● What to work on:
The first line to keep is the one containing "Used 2018 Ford"; restate it and all lines after it through the end of the material, word for word and nothing else.

● Material supplied:
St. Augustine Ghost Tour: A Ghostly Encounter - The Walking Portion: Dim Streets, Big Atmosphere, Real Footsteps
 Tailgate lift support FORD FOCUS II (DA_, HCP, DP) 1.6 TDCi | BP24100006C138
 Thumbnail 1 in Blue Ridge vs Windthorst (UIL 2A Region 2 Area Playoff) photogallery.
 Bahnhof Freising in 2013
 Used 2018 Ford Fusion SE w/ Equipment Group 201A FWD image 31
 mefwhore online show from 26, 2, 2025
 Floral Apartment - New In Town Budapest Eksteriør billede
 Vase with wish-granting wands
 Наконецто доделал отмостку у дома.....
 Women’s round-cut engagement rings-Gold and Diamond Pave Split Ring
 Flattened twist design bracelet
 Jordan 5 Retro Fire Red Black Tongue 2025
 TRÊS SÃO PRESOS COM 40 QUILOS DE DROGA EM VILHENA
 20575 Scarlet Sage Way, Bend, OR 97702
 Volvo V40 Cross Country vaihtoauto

● Written solution:
 Used 2018 Ford Fusion SE w/ Equipment Group 201A FWD image 31
 mefwhore online show from 26, 2, 2025
 Floral Apartment - New In Town Budapest Eksteriør billede
 Vase with wish-granting wands
 Наконецто доделал отмостку у дома.....
 Women’s round-cut engagement rings-Gold and Diamond Pave Split Ring
 Flattened twist design bracelet
 Jordan 5 Retro Fire Red Black Tongue 2025
 TRÊS SÃO PRESOS COM 40 QUILOS DE DROGA EM VILHENA
 20575 Scarlet Sage Way, Bend, OR 97702
 Volvo V40 Cross Country vaihtoauto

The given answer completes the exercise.